| What the task asks |
As the answer, give exactly the lines of the records below from the one with "combine a scene" through the one with "1girl, lamia, scales, white", ends included and pictures left out.

| Data to examine |
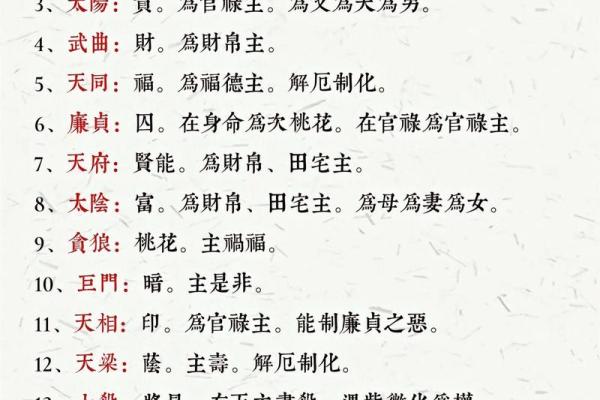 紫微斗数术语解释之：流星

...

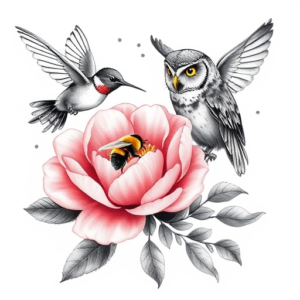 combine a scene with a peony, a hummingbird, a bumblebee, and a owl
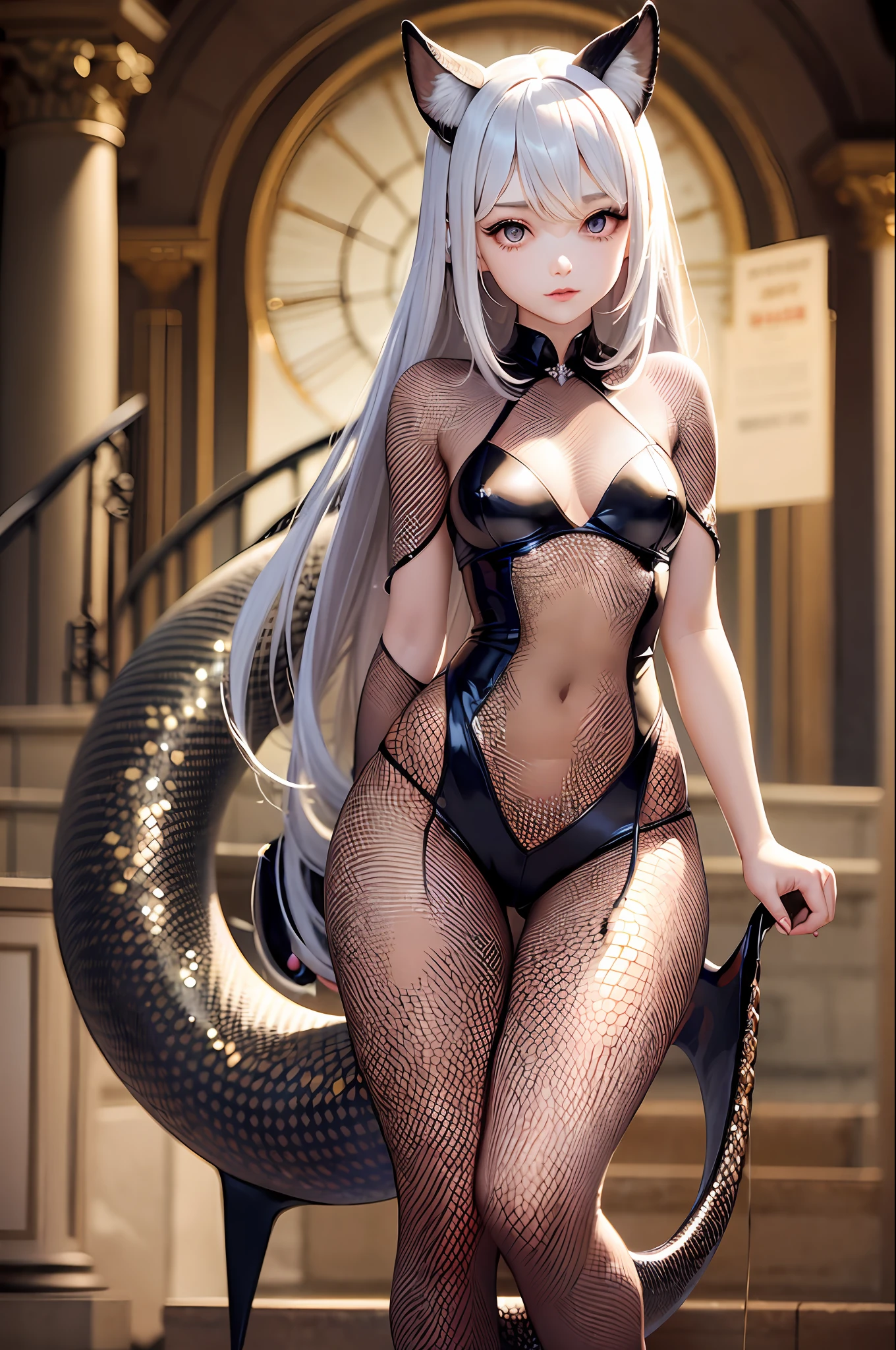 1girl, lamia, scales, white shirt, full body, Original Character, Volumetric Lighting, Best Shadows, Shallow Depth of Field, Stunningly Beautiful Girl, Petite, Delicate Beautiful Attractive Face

...

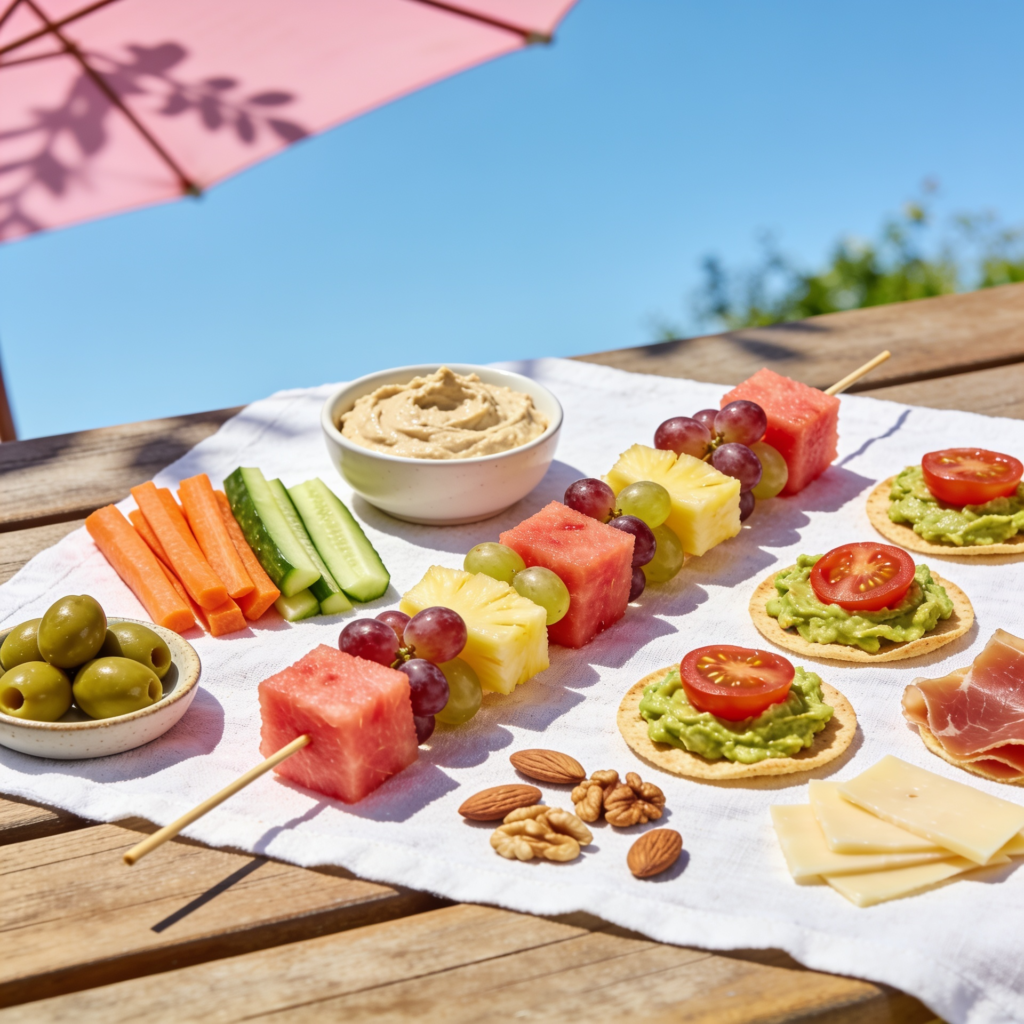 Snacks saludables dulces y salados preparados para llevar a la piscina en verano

| Answer |
 combine a scene with a peony, a hummingbird, a bumblebee, and a owl
 1girl, lamia, scales, white shirt, full body, Original Character, Volumetric Lighting, Best Shadows, Shallow Depth of Field, Stunningly Beautiful Girl, Petite, Delicate Beautiful Attractive Face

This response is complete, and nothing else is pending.